Dec 4, 2005

Homemade Cinnamon Rolls

The smell of freshly baked cinnamon rolls is enough to get anyone's mouth watering. I am a huge fan of Cinnabon and wanted to make my own cinnamon rolls at home. This recipe adapted from an old edition of the Watkins Cookbook and I felt it as good a place as any to start with my quest to find the perfect cinnamon roll recipe. I was happy with is the first time I tried it and have never tried another recipe. I will warn you these take 4 hours from start to finish with the time it takes for the dough to rise, but they are well worth the wait. If you are like me and enjoy the Cinnabon cream cheese based icing, you will love my take on the glaze.

Homemade Cinnamon Rolls

Rolls:
1 c. milk
1 tsp. salt
2 Tbsp. sugar
1/2 stick butter
1 pkg. yeast
2 -3 c. flour
1/2 c. raisins (optional)
cinnamon
brown sugar

Heat milk in a sauce pan until tiny bubbles form around the edge. Pour immediately in a bowl. Stir in salt, sugar and butter. Stir in yeast. Stir in 1/2 of the flour. Beat in rest of flour with a wooden spoon or with your hands. Turn dough out onto a floured surface. Knead just until smooth. Put into greased bowl. Turn dough until it is greased on all sides. Cover. Put in a warm place and let rise 1 - 2 hours or until doubled in bulk. Remove dough from bowl and punch down. Roll out to 1/4 inch thick with a rolling pin into an approximately 8 x 12 in. rectangle. Brush with melted butter. Sprinkle with cinnamon, brown sugar and raisins. Roll up like a jelly roll starting with one of the longest sides of the rectangle. Cut into one inch slices with a sharp knife. Put rolls into a greased 9 x 13 inch pan. Brush with butter and let rise one hour or until doubled in bulk (or you can refrigerate them at this point and take out to rise in the morning but it will take longer to rise if you do decide to refrigerate them). Bake at 400 degrees for 15 - 20 minutes. Ice them and serve as soon as they are done.

Icing
3/4 c. confectioners sugar
3 oz. pkg. cream cheese
2 Tbsp. butter
1 tsp. vanilla
1 tsp. milk

With an electric mixed, blend sugar, cream cheese and butter until crumbly. Add vanilla and milk. Blend until creamy. Icing will be thin, similar to a glaze, if you'd like it thicker just don't add the milk.

11 comments:

FoodNinja said...

I heart cinnamon rolls... I make them for my wife before she goes to work. Thanks for checking out my blog..

Fran said...

You have a lovely site here. We love cinnamon rolls and go through phases of eating lots of them. There is something so satisfying about anything with cinnamon.

Michele said...

Templar, your wife is a lucky lady, cinnamon rolls are so good!
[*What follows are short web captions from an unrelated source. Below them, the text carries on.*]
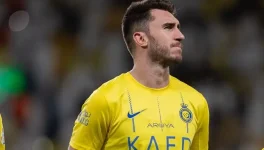 Athletic Bilbao nears Aymeric Laporte reunion as Al-Nassr exit talks advance.webp
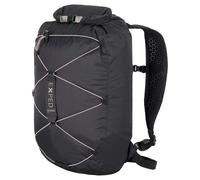 Exped - Zaino di escursionismo in giornata - Cloudburst 15 Black in Nylon - Nero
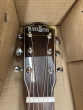Rathbone No.3 - Sitka Spruce/Maple E/Cut - Black-B stock-CL2571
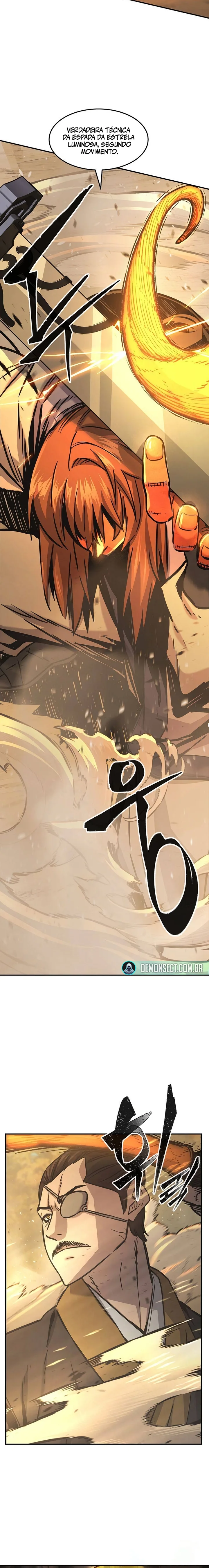 Read Absolute Sword Sense PTBR Manga Online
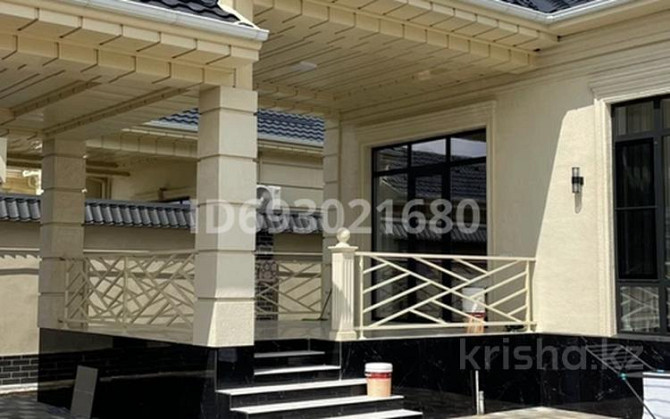 6-комнатный дом, 260 м², 10 сот., Қамбатыров Туркестан - изображение 5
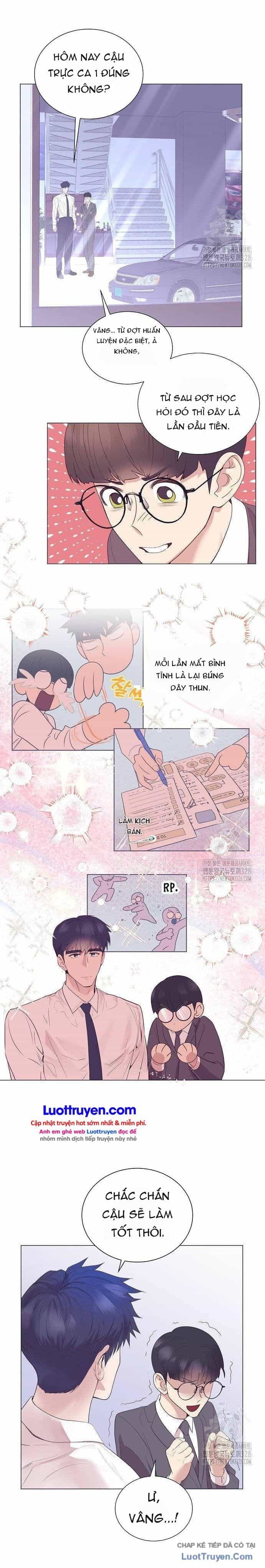 Tôi Trở Thành Thiên Tài Bán Hàng - Chương 22 - ảnh 8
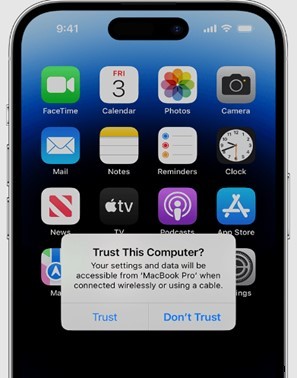 เพิ่ม MP3 ลงใน Apple Music บน iPhone - iTunes หรือ Direct Transfer 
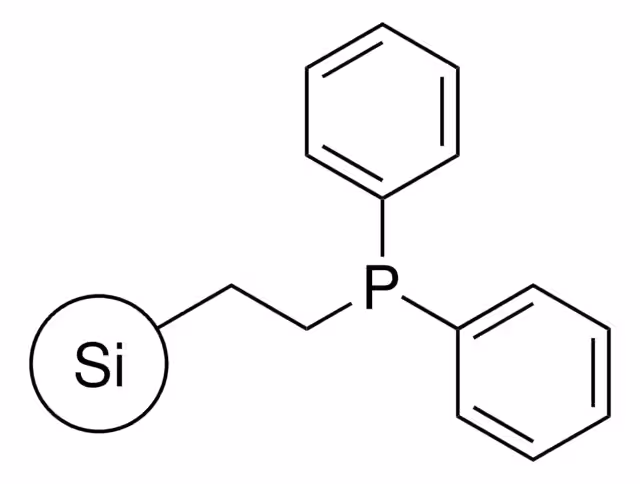 2-DIPHENYLPHOSPHINOETHYL-FUNCTIONALIZED& pack 1X5G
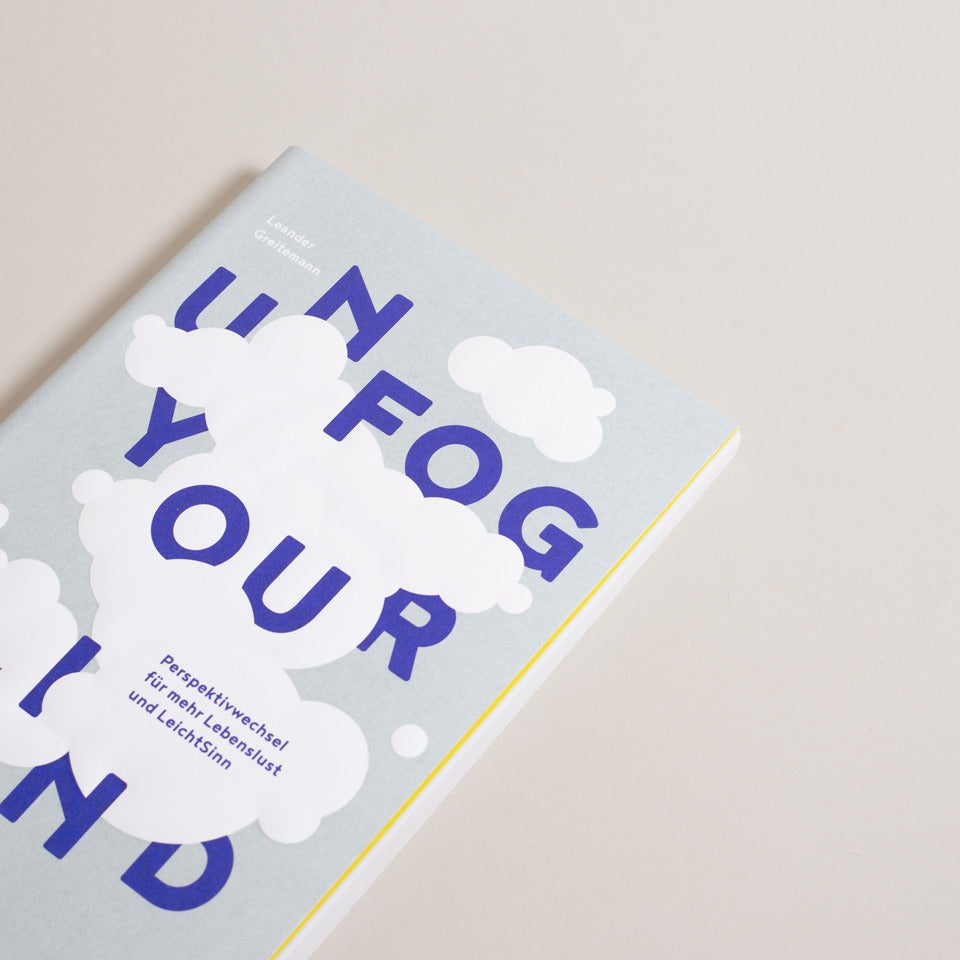 Unfog Your Mind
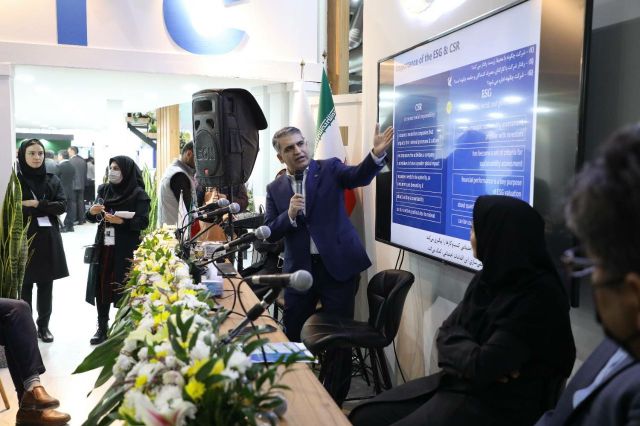 بررسی "مدیریت کربن" در صنعت پتروشیمی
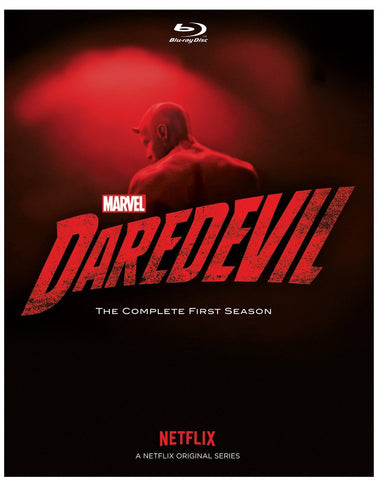 Daredevil: The Complete First Season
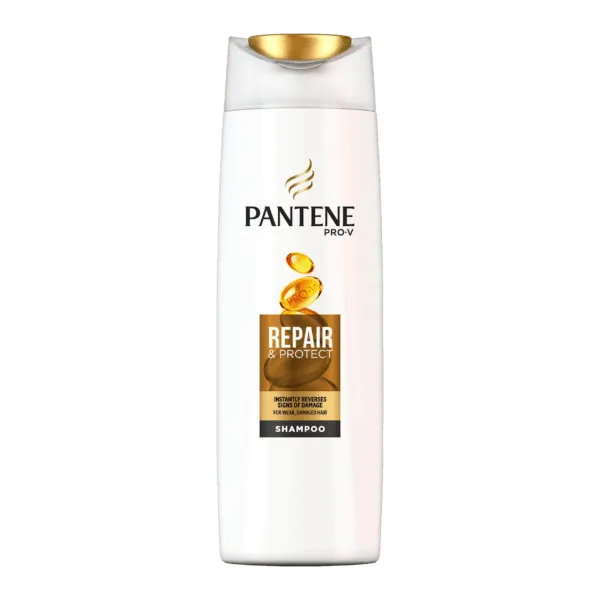 PANTENE Repair Protect Shampoo 700ml - Image 2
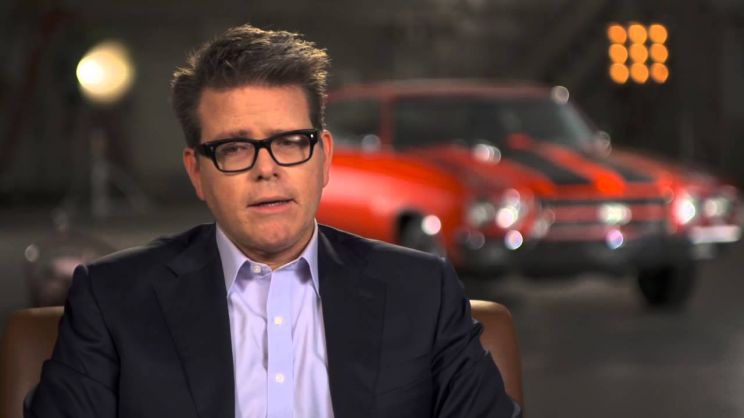 Christopher McQuarrie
Thanks for the compliment Fran! I love cinnamon too in just about anything sweet... or savory for that matter :)

LisaSD said...

Four hours sound like quite a commitment, but worth it!

Michele said...

Lisa, it is a long time but what I do is put the dough together and while it's rising I bathe the kids, do the laundry and other things so the time flies. We RARELY have these for breakfast though because I can't imagine waking up at 5 am just to get these started LOL!

domestika said...

Nope, a cook just can't go wrong with cinnamon anything, can you? I tell my husband that if you put enough cinnamon and sugar on top of it, a man would eat ... er... what the dog leaves behind in the yard!
I need you to be my personal chef, Michele! LOL

Michele said...

LOL! You are so right about that! Cinnamon is a true fix all isn't it. You are welcome to come for cinnamon rolls ... or dinner any time! :)

Anonymous said...

I tried this recipe and it was terrible; the dough never did rise (and yes, I did put in the right amount and kind of yeast).

Michele said...

I'm so sorry the recipe didn't work out for you. Maybe you had a bad batch of yeast? We make these all the time and they always turn out well. I have given this recipe to several people and they always comment on how will they turn out.

The Healthy Way said...

I'm going to try these. I've had a hard time with other recipies. Does it matter what type of pan you use, glass or metal? Thank you.

Michele said...

I'm sure you'll love them! I have used both a glass pan and a metal pan, both with great success.